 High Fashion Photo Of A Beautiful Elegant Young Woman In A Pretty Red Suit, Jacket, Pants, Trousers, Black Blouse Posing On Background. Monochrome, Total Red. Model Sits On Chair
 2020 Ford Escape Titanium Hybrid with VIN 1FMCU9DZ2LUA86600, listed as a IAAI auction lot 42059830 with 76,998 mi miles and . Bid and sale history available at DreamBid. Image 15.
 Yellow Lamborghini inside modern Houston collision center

_ _ _

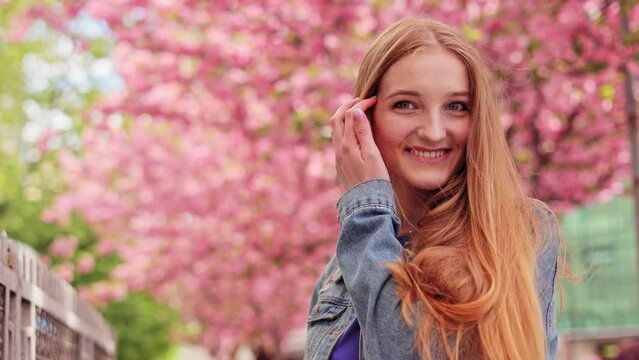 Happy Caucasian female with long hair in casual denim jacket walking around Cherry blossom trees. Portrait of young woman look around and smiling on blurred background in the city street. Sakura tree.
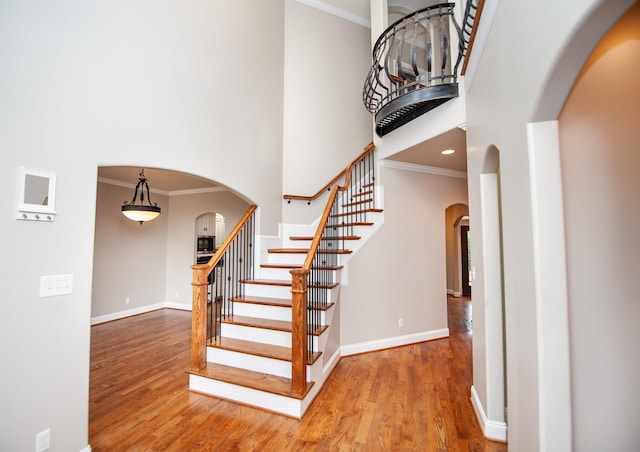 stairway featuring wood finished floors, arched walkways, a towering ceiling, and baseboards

_ _ _

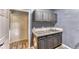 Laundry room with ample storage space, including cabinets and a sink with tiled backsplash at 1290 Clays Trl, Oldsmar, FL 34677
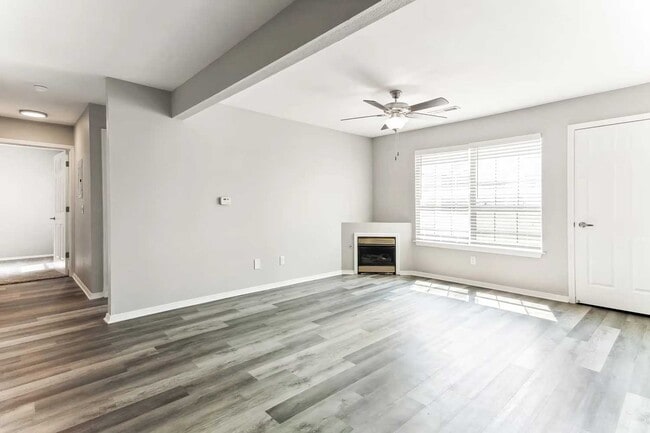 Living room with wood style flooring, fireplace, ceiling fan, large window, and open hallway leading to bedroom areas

_ _ _

**Task description**:
Please give an exact copy of the entries above, from the line with "High Fashion Photo" down to the line with "Yellow Lamborghini inside", inclusive, and nothing else.

**Result below**:
 High Fashion Photo Of A Beautiful Elegant Young Woman In A Pretty Red Suit, Jacket, Pants, Trousers, Black Blouse Posing On Background. Monochrome, Total Red. Model Sits On Chair
 2020 Ford Escape Titanium Hybrid with VIN 1FMCU9DZ2LUA86600, listed as a IAAI auction lot 42059830 with 76,998 mi miles and . Bid and sale history available at DreamBid. Image 15.
 Yellow Lamborghini inside modern Houston collision center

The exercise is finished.